Secondly, as a graduate of a Christian college myself (Harding University) I can say that Rep. Cohen's appraisal of the quality of an evangelical college education, at least according to what I experienced almost 20 years ago, is correct. I believe that Mark Noll said it best when he wrote “The Scandal of the Evangelical Mind”….the scandal is that there isn't much of one. Evangelicalism’s legacy of anti-intellectualism is well-documented (try this for starters). What I experienced at Harding (except for the science and math courses which don't normally lend themselves to deep reflection anyway) could hardly be called an education. Indoctrination was the name of the game and if any real thinking threatened to break loose, it was quickly shut down. Thankfully, I transferred to Harding from two years at a state school where almost all of my intellectual development in college actually took place. Hopefully the situation at Harding and other schools like it has changed, but the negative public perception persists. Because I know several faculty members at Messiah, I know for a fact that it really does have great academic credentials, but unfortunately it gets lumped in with other evangelical schools.
So if Goodling is being persecuted for these reasons, then perhaps it's understandable.

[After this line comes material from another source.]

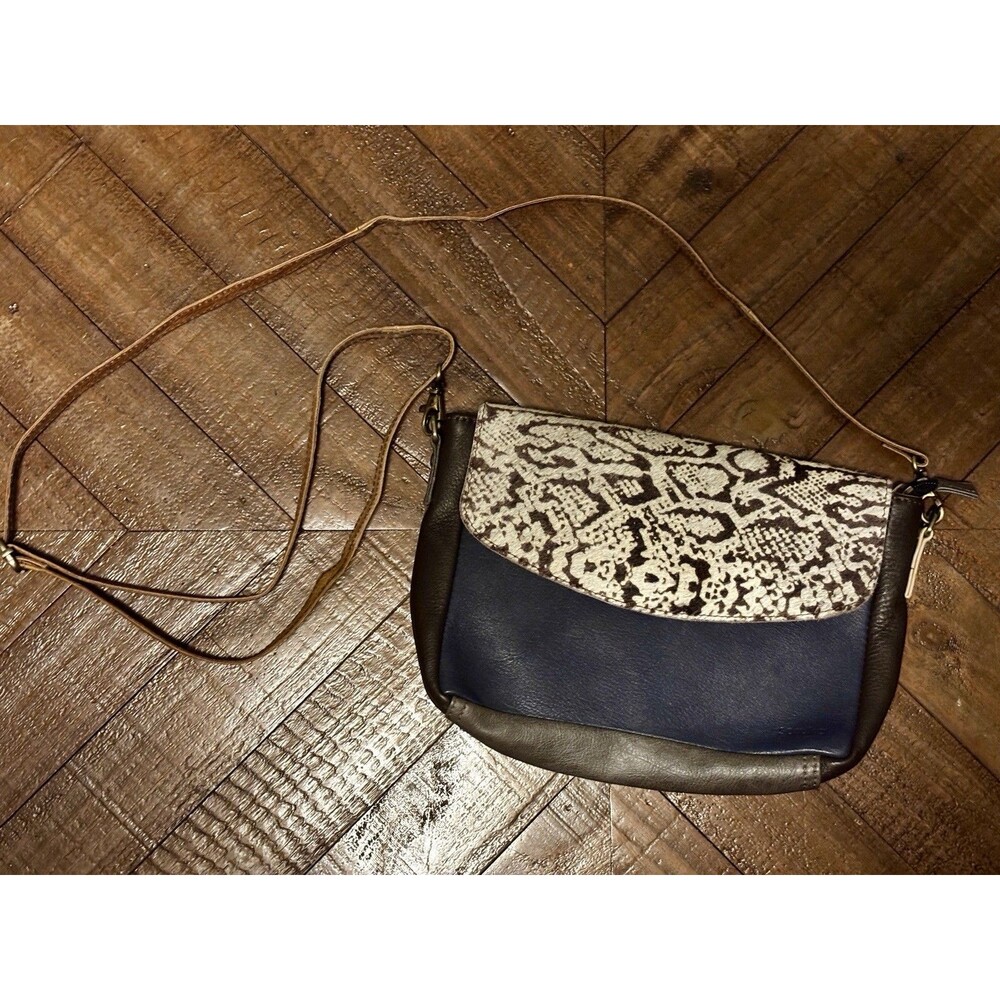 Recycled Leather Soruka Elsa Crossbody Bag Snakeskin Print Leather Colorblock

The supreme irony of the Monica Goodling story, though, is that her alma mater, Messiah College, traces its roots to an Anabaptist sect. Historically, Anabaptism includes a strong current of pacifism and a worldview that assigns primary importance to Christians' citizenship in the Kingdom of God rather than the nation-state (but unlike the Religious Right today, they didn't try to wrest the nation-state INTO the Kingdom of God) . Due to their denial of the supremacy of the nation-state, members of this radical branch of Christianity REALLY WERE the target of severe and bloody persecution in centuries past. And to this day you won't find an American flag flying at Messiah College. If Goodling learned anything of this legacy, unfortunately she must have forgotten it, because now she is part of an administration that is steeped in a version of Christianity far, far removed from the peace-making counter-culturalism of Messiah's founders.